Another angle I wanted to see the data from was goals scored vs set piece attempts.
Like the first chart, there doesn't seem to be any connection between goals and attempts. The teams that take the most set piece attempts don't consistently score more goals from them. In fact, the one thing that stands out on this chart is that the two teams (Pacific and FC Edmonton) with the lowest number of set piece attempts are in the top half of the league scoring goals from set pieces.
Once again, we aren't able to say that strong set piece conversion is a definitive trait of the top two teams in the league.
Ted Knutson wrote a great article about set piece efficiency and what it can (and should) mean to teams. One of the stats he uses to compare teams in that article is the number of set piece goals scored per game. According to him:
…most clubs average around 0.3 goals a game off set pieces
He also suggests that:
Elite clubs can push this number up to 0.75 or 0.80 goals from set pieces alone.

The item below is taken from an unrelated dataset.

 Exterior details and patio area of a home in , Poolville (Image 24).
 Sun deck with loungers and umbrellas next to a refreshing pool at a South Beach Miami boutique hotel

Looking at the CPL, only one team (FC Edmonton) rises to the Knutson's definition of "most clubs". That is somewhat dismal and certainly offers room for improvement in the coming years.
On set pieces there are two teams involved. One is always defending, and keepin the ball out of the net also contributes to the success of the team.
This chart, more than the first two, shows some connection between set pieces conceded and goals conceded from them. The more free kicks and corners you give up, the more goals you will have scored on you from them. Also telling is that both Cavalry and Forge are conceding very few attempts and both have only conceded 1 goal from those attempts this year.
I think we can say that strong set piece defending can help you to the top of the table.
I think the CanPL is ripe for a team to exploit with well worked set pieces. Teams, as we see in the last chart, are bleeding goals.
The problem the teams face is that the schedule is so congested that coaching staff needs to decide what to spend their precious practice time on. Unlike the teams in Knutson's article, it is rare for a CanPL team to get a week to prepare for an opponent. Spending 5-15 minutes "per week" (which I read as "per game played") likely represents 5-15 minutes out of 10+ hours of practice time. If you were HFX this past summer you might have been lucky to get 1 to 2 hours of practice and game prep. I suspect that there was little work on set pieces during that period, and it probably happened to every team at some point during the season.
With a less congested schedule we will likely see higher conversion rates across the league. When we see a schedule like that is anyone's guess, but I suspect it will be coming in the next couple of years.